You cannot select more than 25 topics Topics must start with a letter or number, can include dashes ('-') and can be up to 35 characters long.

177 lines
7.2 KiB
Plaintext

TITLE:: FluidBufNoveltySlice
SUMMARY:: Buffer-Based Novelty-Based Slicer
CATEGORIES:: Libraries>FluidDecomposition, UGens>Buffer
RELATED:: Guides/FluCoMa, Guides/FluidDecomposition, Guides/FluidBufMultiThreading
DESCRIPTION::
This class implements a non-real-time slicer using an algorithm assessing novelty in the signal to estimate the slicing points. A novelty curve is being derived from running a kernel across the diagonal of the similarity matrix, and looking for peak of changes.
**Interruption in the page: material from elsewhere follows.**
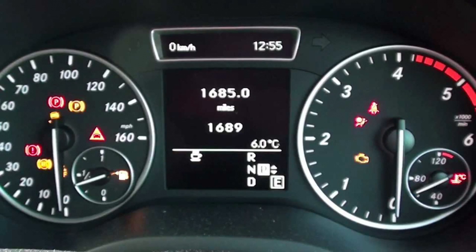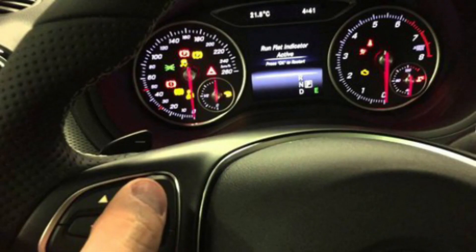Mercedes-Benz Recharge AdBlue Red Warning Light. Dashboard lights can be confusing and worrisome — there are so many of them. What do they all mean? Don't worry, they are not all bad. We made this video to help you understand the meaning.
It implements the seminal results published in 'Automatic Audio Segmentation Using a Measure of Audio Novelty' by J Foote. It is part of the LINK:: Guides/FluidDecomposition:: of LINK:: Guides/FluCoMa::. For more explanations, learning material, and discussions on its musicianly uses, visit http://www.flucoma.org/
The process will return a buffer which contains indices (in sample) of estimated starting points of different slices.
STRONG::Threading::
By default, this UGen spawns a new thread to avoid blocking the server command queue, so it is free to go about with its business. For a more detailed discussion of the available threading and monitoring options, including the two undocumented Class Methods below (.processBlocking and .kr) please read the guide LINK::Guides/FluidBufMultiThreading::.
CLASSMETHODS::
METHOD:: process
This is the method that calls for the slicing to be calculated on a given source buffer.
ARGUMENT:: server
The server on which the buffers to be processed are allocated.
ARGUMENT:: source
The index of the buffer to use as the source material to be sliced through novelty identification. The different channels of multichannel buffers will be summed.
ARGUMENT:: startFrame
Where in the srcBuf should the slicing process start, in sample.
ARGUMENT:: numFrames
How many frames should be processed.
ARGUMENT:: startChan
For multichannel srcBuf, which channel should be processed.
ARGUMENT:: numChans
For multichannel srcBuf, how many channel should be summed.
ARGUMENT:: indices
The index of the buffer where the indices (in sample) of the estimated starting points of slices will be written. The first and last points are always the boundary points of the analysis.
ARGUMENT:: feature
The feature on which novelty is computed.
table::
##0 || Spectrum || The magnitude of the full spectrum.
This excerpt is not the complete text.